(Provided information Opens)

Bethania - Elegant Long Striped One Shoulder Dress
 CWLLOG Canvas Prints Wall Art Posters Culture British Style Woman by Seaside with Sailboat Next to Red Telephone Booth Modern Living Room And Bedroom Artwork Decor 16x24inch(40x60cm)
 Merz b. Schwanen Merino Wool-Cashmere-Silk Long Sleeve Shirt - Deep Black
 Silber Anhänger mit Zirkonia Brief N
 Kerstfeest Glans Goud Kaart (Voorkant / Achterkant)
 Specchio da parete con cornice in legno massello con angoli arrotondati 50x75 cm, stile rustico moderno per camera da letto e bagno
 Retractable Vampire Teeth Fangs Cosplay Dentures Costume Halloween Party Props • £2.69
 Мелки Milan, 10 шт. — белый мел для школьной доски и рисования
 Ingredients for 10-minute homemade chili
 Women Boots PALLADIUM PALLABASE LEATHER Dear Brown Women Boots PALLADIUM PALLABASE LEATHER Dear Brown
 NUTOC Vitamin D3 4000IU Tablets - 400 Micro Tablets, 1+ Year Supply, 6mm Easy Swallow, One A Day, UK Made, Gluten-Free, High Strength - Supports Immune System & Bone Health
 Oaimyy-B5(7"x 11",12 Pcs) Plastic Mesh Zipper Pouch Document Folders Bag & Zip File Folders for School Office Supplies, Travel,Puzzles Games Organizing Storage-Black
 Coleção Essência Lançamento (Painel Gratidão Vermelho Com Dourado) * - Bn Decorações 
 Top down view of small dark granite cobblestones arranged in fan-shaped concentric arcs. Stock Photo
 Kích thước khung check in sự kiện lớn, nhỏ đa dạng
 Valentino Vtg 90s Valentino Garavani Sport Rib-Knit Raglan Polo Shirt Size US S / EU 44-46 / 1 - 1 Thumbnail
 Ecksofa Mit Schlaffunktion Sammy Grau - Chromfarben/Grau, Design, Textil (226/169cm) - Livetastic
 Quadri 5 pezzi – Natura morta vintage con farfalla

(Provided information Closes)

Starting with the line that holds "Coleção Essência Lançamento", copy each remaining line of the listing above exactly, through the last one.

 Coleção Essência Lançamento (Painel Gratidão Vermelho Com Dourado) * - Bn Decorações 
 Top down view of small dark granite cobblestones arranged in fan-shaped concentric arcs. Stock Photo
 Kích thước khung check in sự kiện lớn, nhỏ đa dạng
 Valentino Vtg 90s Valentino Garavani Sport Rib-Knit Raglan Polo Shirt Size US S / EU 44-46 / 1 - 1 Thumbnail
 Ecksofa Mit Schlaffunktion Sammy Grau - Chromfarben/Grau, Design, Textil (226/169cm) - Livetastic
 Quadri 5 pezzi – Natura morta vintage con farfalla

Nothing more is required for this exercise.